The use of larger track widths has given rise to the exacerbation of a problem with four-wheel steerable vehicles when used in automatic car wash assemblies. When the four-wheel steering mode is active and front steering inputs are induced via car wash rails, the rear wheels are indirectly steered for proper tracking between the car wash rails. When this occurs, particularly in the case of larger rear track widths, it has been noted that the rear tires of the vehicle have greater tendency to scrub, or even to occasionally become bound, against the rails of the car wash mechanism, temporarily disrupting car wash operations.
Unfortunately, it is not always feasible to rely upon the vehicle user to remember to deactivate the four-wheel steering mode to avoid the issue.
This invention provides an algorithm control solution to avoid the binding of four-wheel steerable vehicle wheels against the rails of a car wash mechanism, irrespective of active steering mode.

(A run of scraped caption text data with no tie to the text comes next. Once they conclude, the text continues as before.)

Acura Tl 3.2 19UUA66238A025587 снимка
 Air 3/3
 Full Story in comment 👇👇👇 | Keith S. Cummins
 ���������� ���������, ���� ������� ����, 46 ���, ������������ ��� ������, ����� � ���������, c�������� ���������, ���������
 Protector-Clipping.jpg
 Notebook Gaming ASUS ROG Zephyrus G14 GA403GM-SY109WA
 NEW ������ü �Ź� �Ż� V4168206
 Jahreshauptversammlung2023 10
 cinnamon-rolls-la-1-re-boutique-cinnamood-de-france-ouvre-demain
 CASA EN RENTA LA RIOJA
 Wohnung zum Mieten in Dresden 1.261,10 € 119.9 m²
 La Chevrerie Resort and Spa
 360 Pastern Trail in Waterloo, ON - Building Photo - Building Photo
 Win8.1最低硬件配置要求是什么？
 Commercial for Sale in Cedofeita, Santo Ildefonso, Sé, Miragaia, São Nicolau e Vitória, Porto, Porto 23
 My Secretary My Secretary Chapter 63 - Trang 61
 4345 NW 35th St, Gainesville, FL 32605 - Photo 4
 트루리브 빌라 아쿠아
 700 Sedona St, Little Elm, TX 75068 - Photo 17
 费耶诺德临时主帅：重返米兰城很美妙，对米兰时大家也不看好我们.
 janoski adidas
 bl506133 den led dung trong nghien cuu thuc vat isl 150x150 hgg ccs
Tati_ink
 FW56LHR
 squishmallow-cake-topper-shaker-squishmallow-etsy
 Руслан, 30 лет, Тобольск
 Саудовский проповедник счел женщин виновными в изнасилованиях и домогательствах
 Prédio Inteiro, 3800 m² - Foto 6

Upon selection of a neutral gear, with four-wheel steering enabled, and at low vehicle speeds, the four-wheel steerable system will automatically switch into a two-wheel steering, or front steering only, mode. An algorithm control unit will disable the rear-wheel steering function, returning the rear wheels to their centered, non-angled, positions to eliminate binding of the rear wheels against the car wash rails as the vehicle is being pulled forward in a car wash assembly.
Since rear steering capability of a four-wheel steer vehicle is generally user-selectable between the modes of two-wheel steering and four-wheel steering, the algorithm control unit of the present invention provides that in the event that the vehicle enters a car wash in the four-wheel steering mode, the four-wheel mode will be automatically switched to the two-wheel mode, thus avoiding potential binding of the rear wheels. The invention also contemplates a solution to an increased likelihood of a wide rear track vehicle having its rear wheels bind between car wash rails, during the condition that the rear wheels of such vehicle are being steered; i.e. in a four-wheel steer mode.
In one preferred embodiment of the present invention, the vehicle will automatically enter into the two-wheel steering mode whenever the neutral gear of the transmission is selected, and the vehicle speed is less than five miles per hour, conditions likely to be encountered while a vehicle is being pulled through an automatic car wash assembly. dr
FIG. 1 is an elevation view of a four-wheel steerable truck vehicle of the type that includes a set of rear wheels having a wider track than the track of the front wheels of same vehicle.
FIG. 2 is a schematic diagram of the four-wheel steerable system showing the master algorithm control unit for determining relative rear wheel positions.
FIG. 3 is a schematic diagram of the system of FIG. 2, shown representing a vehicle positioned between parallel rails of a car wash assembly.
FIG. 4 displays an algorithm control sequence for disabling rear wheel steering in a four-wheel steer vehicle.